As they transported the sobbing madam to the sanitarium, she professed her undying love for her “darling husband.”

Frank was conscious when Tessie entered the emergency room. The three bullets she had emptied into his upper torso had missed his vital organs. Doctors expected him to make a full recovery. The police escorted Tessie to his bedside and asked Frank if she was the one who shot him. “Yes, she shot me,” he responded. “Take her away. I don’t want to see her.” According to the San Francisco Chronicle, “Tessie Daroux lifted her handkerchief to her face in a gesture of horror and reeled back into the arms of the officer.”

Madam Wall was booked on a charge of intent to kill and held without bail for three months. Bail was finally granted when Frank was given a clean bill of health. In a move that surprised everyone, Frank announced to authorities that he had made a decision not to press charges on Tessie. She took the news as a sign of his continued affection for her and filed an appeal on the divorce. Frank had hoped the incident and his willingness not to prosecute would drive Tessie away. Once he found out that she was appealing the divorce he changed his mind about pressing charges.

?

 

The shooting and subsequent court activity was front page news. The scandal reeked havoc on Frank’s political future. His peers informed him that he was a liability and suggested relocating. Frank agreed, reversed his decision again about having Tessie prosecuted and made arrangements to marry his mistress.

Days before Frank was to marry the other woman. Madam Wall again took gun in hand. This time she set out to kill her rival. When she found her eating lunch at a popular restaurant, Tessie shot through the glass window at the future Mrs. Daroux. Her aim was poor and the woman was not hit. Tessie was arrested and while she was being held, Frank remarried. With the stipulation that Tessie not be released until they left town, Mr. And Mrs. Daroux agreed not to press charges.
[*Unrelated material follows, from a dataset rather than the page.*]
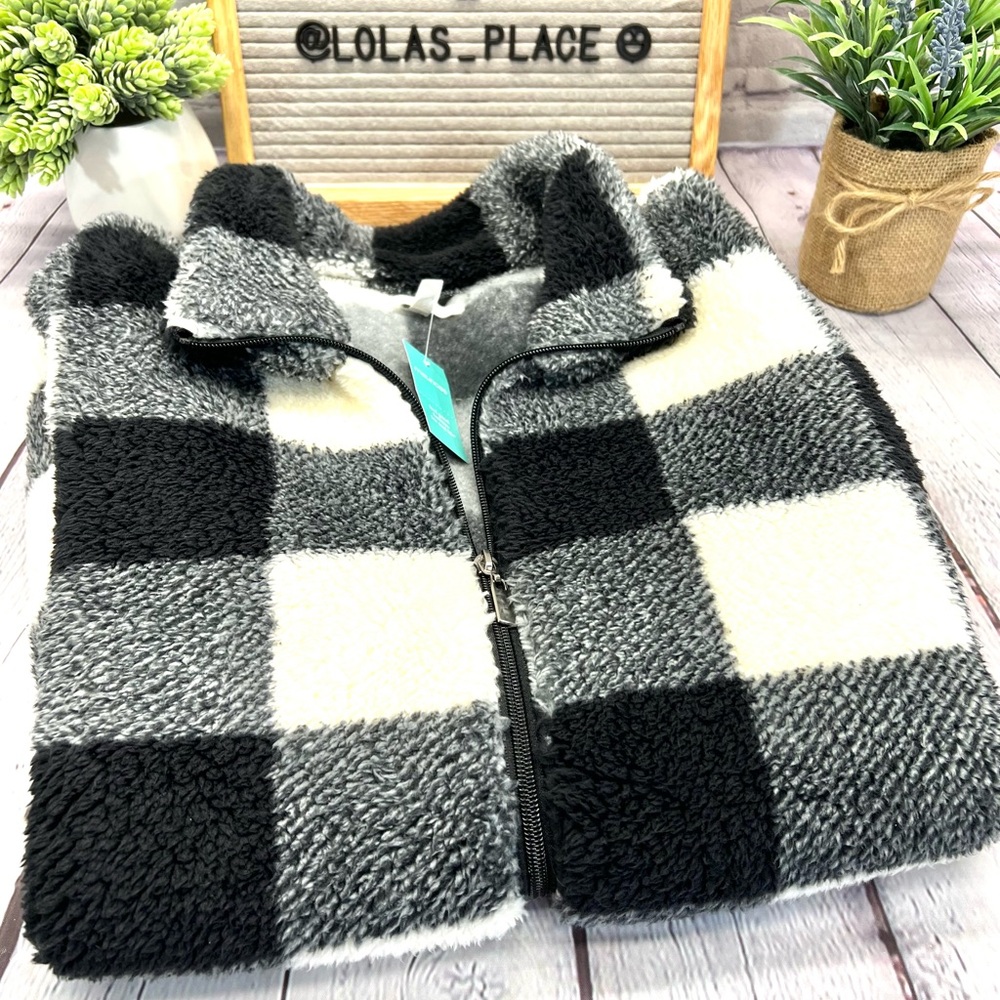 MAURICES Favorite Sherpa Vest-NWT 🖤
Frank and his bride then moved to the east coast.

Madam Wall went back to her parlor house, boxed up all of the busts and painting she had of Napoleon and stored them away. She never fully retired from the trade and remained a controversial figure throughout the duration of her life.

On the morning of April 28, 1932, Tessie pulled an impacted tooth that had been bothering her. That evening she died of a hemorrhage following the extraction.

 

Newspapers marked her passing with an obituary Tessie had preapproved.

“One more bit of “the San Francisco that was” has drifted off in that uncharted Sargossa that holds the old Barbary Coast, the Poodle Dog, the Silver Dollar, the Bank Exchange, the Mason Street Tenderloin and those other gay haunts that made San Francisco famous through the Seven Seas.”

The San Francisco Chronicle – April 30, 1932

Mrs. Teresa Susan Wall Daroux was 63 years-old.

“Drink that up, boys! Have a drink on Tessie Wall!”